◆ To do
Copy the lines below verbatim. Begin with the first and end with the line containing "Yellow-legged Gull".

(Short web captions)
##########

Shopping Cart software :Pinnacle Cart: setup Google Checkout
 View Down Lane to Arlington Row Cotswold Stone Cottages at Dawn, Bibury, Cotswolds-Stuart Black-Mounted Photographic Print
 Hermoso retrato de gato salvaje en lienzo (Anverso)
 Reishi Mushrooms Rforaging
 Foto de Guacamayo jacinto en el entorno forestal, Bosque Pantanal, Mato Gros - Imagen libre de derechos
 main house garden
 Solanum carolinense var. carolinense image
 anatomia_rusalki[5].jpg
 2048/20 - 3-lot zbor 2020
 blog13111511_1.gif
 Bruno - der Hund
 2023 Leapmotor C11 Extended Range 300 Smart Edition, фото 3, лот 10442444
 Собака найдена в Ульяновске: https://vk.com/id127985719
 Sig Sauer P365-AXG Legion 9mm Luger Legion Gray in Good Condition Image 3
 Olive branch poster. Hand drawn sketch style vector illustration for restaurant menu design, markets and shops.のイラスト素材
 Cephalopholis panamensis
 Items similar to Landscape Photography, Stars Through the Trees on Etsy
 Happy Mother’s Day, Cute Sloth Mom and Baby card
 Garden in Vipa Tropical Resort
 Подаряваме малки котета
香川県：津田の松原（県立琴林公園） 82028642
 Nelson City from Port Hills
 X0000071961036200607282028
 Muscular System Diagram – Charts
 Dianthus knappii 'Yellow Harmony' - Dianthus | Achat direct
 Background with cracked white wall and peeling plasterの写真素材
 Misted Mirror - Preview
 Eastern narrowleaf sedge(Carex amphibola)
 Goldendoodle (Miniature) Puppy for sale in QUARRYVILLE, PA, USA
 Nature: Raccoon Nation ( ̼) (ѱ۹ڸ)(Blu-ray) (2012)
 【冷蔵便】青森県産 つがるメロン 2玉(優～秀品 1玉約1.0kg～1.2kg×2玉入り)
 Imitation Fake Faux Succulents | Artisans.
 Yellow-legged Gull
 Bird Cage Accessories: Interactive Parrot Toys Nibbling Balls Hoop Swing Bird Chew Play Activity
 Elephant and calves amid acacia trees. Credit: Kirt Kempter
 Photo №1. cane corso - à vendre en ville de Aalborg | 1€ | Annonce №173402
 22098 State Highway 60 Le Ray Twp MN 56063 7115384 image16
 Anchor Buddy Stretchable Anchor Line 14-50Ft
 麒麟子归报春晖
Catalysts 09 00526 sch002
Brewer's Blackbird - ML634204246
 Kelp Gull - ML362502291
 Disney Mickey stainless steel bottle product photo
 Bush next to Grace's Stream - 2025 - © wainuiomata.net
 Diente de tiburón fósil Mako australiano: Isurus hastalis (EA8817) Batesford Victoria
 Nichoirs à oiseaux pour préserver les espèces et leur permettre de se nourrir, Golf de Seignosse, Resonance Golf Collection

##########

◆ Output of the task
Shopping Cart software :Pinnacle Cart: setup Google Checkout
 View Down Lane to Arlington Row Cotswold Stone Cottages at Dawn, Bibury, Cotswolds-Stuart Black-Mounted Photographic Print
 Hermoso retrato de gato salvaje en lienzo (Anverso)
 Reishi Mushrooms Rforaging
 Foto de Guacamayo jacinto en el entorno forestal, Bosque Pantanal, Mato Gros - Imagen libre de derechos
 main house garden
 Solanum carolinense var. carolinense image
 anatomia_rusalki[5].jpg
 2048/20 - 3-lot zbor 2020
 blog13111511_1.gif
 Bruno - der Hund
 2023 Leapmotor C11 Extended Range 300 Smart Edition, фото 3, лот 10442444
 Собака найдена в Ульяновске: https://vk.com/id127985719
 Sig Sauer P365-AXG Legion 9mm Luger Legion Gray in Good Condition Image 3
 Olive branch poster. Hand drawn sketch style vector illustration for restaurant menu design, markets and shops.のイラスト素材
 Cephalopholis panamensis
 Items similar to Landscape Photography, Stars Through the Trees on Etsy
 Happy Mother’s Day, Cute Sloth Mom and Baby card
 Garden in Vipa Tropical Resort
 Подаряваме малки котета
香川県：津田の松原（県立琴林公園） 82028642
 Nelson City from Port Hills
 X0000071961036200607282028
 Muscular System Diagram – Charts
 Dianthus knappii 'Yellow Harmony' - Dianthus | Achat direct
 Background with cracked white wall and peeling plasterの写真素材
 Misted Mirror - Preview
 Eastern narrowleaf sedge(Carex amphibola)
 Goldendoodle (Miniature) Puppy for sale in QUARRYVILLE, PA, USA
 Nature: Raccoon Nation ( ̼) (ѱ۹ڸ)(Blu-ray) (2012)
 【冷蔵便】青森県産 つがるメロン 2玉(優～秀品 1玉約1.0kg～1.2kg×2玉入り)
 Imitation Fake Faux Succulents | Artisans.
 Yellow-legged Gull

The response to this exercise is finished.